In line, from balance they signed that “It is the first time since the time of Alan Greenspan that two members of the monetary policy committee vote differentiated.”. Both voted to reduce it by 25 basic points because, “from their perspective, the impact of tariffs on inflation would be transitory.”
Trump’s pressures to Powell
Trumpwho campaigned promising to lower life costsrepeatedly insisted that inflation is not a risk and systematically criticized Powell For, in his vision, force the government to pay more to finance their deficits and raise the cost of mortgage rates.

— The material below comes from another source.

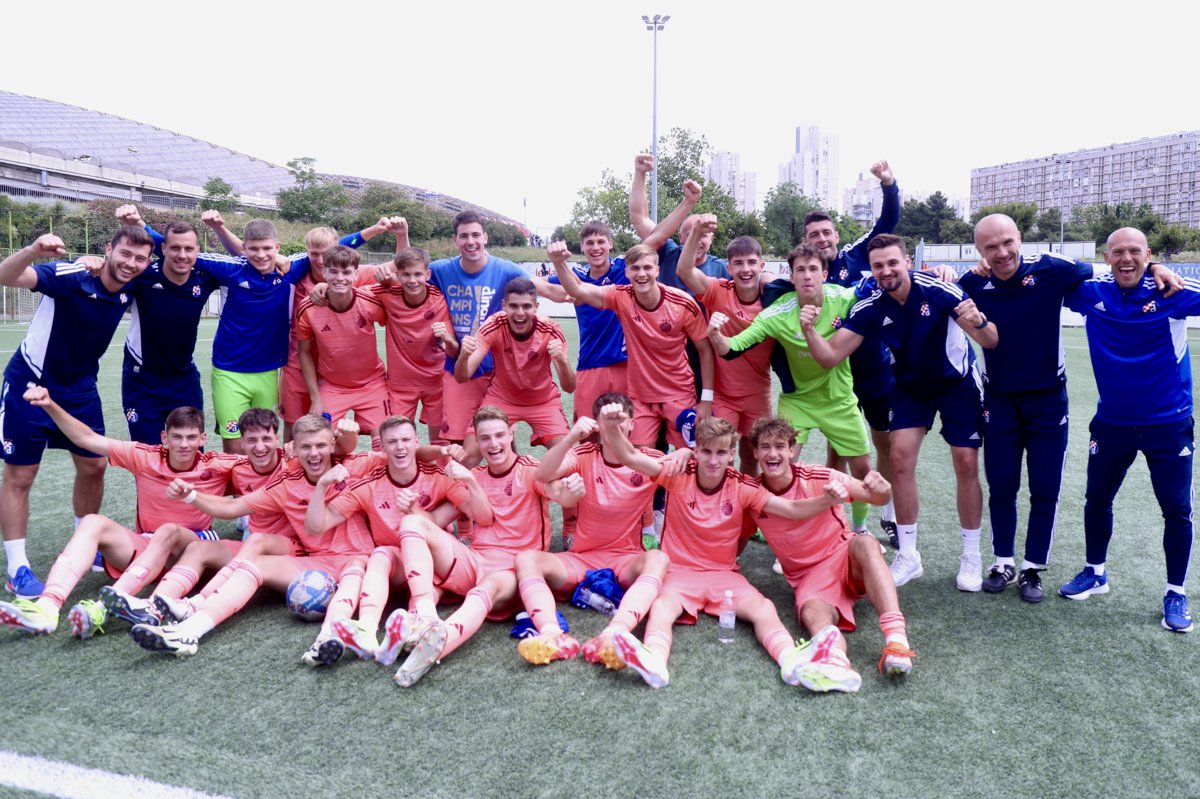 Dinamovi juniori uzeli bod u Splitu i osigurali naslov prvaka Hrvatske!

The pressure seemed to culminate last week when the criticism of the administration to a renewal project of the Fed building They took the American president to visit the site to see it by itself. That visit seemed to reduce the risks of Trump to dismiss Powell for the project, although the demands for feature cuts are maintained.
In fact, this Wednesday, after knowing the positive data of the American GDP, the Head of State published in his networks: “GDP of the second recent trimester: 3%, Much better than expected! ‘Too late’. You have to lower the rate now! Without inflation! May people buy and refine their houses! “
While, Powell confirmed that he intends to serve as head of the FED until his mandate expires in May 2026.